Standard & Poor's has revised its outlook on Cinemark USA from positive to stable following the company's postponement of a planned initial public offering and bank loan refinancing. "The postponement of the IPO due to weak market conditions will delay the expected improvements to Cinemark's capital structure and liquidity that were factored into the previously assigned positive outlook," said Steve Wilkinson, credit analyst. The rating agency affirmed Cinemark's corporate credit rating of B, but it withdrew its BB- rating on the proposed $250 million bank loan.
Proceeds from the IPO were expected to reduce the Plano, Texas, company's debt by about $180 million and, together with the bank loan refinancing, would have reduced near-term debt maturities and increased borrowing capacity under its revolver. "As a result, the likelihood of a near-term upgrade has been pushed back, making a stable outlook more appropriate," Wilkinson said. Cinemark expects to proceed with the IPO and the bank loan refinancing when market conditions improve.

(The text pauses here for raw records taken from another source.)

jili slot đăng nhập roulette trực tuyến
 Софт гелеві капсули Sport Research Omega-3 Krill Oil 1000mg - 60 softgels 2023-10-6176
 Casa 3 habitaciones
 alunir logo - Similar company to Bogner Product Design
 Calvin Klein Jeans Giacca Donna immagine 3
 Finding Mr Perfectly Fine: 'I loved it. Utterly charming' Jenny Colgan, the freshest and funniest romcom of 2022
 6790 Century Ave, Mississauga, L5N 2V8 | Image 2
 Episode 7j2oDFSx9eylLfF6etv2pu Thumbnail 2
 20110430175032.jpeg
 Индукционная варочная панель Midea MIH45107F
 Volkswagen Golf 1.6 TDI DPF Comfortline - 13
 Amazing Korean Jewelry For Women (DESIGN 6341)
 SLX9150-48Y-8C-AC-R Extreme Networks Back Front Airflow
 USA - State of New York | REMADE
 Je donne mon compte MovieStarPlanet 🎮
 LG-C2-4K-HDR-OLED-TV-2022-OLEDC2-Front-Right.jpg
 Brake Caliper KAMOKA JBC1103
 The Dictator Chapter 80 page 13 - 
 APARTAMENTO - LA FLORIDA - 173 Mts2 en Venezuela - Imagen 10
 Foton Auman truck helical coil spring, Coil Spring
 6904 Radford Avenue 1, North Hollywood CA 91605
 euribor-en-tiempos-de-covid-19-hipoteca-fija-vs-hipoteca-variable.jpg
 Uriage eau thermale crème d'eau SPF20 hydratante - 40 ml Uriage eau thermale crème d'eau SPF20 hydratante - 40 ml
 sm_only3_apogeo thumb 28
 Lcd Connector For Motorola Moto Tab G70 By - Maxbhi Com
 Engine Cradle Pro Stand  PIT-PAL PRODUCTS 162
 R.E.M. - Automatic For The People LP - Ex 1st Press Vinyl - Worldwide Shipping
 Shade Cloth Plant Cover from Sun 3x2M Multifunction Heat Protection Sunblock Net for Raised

* Kinetics Group also was downgraded due to a scrapped IPO. Kinetics had planned to repay all its existing debt this month with proceeds from an IPO of its Celerity subsidiary and a new $210 million credit line led byBank of Nova Scotia. Like Cinemark, current conditions in the equity markets forced this plan to be shelved for the time being.
As a result, Fitch Ratings has downgraded the company's senior secured credit facilities from BB- to B. The downgrade reflects the significant weakening of credit protection measures and increasingly limited financial flexibility, due primarily to a downturn in capital expenditure by semiconductor manufacturers. The downturn has placed pressure on some of Kinetics' financial covenants. Fitch believes the company will need to seek a future amendment or waiver for covenant relief. The outlook is negative.
* Meanwhile, Fitch has upgraded Solutia's senior secured bank facility to BB- from B based, in part, on the recent completion of delayed refinancing plans. Solutia completed a $233 million note offering in July and extended and reduced its revolving credit agreement earlier this month (LMW, 8/12).
The credit was reduced from $800 million to $600 million, half of which will be an amortizing term loan. Solutia had to pay an extra 400 basis points to secure the agreement and is now paying LIBOR plus 53/ 4% for the revolver and term loan. But with the extension of the credit line to August 2004, proceeds from Solutia's $233 million note offering were released from an escrow account.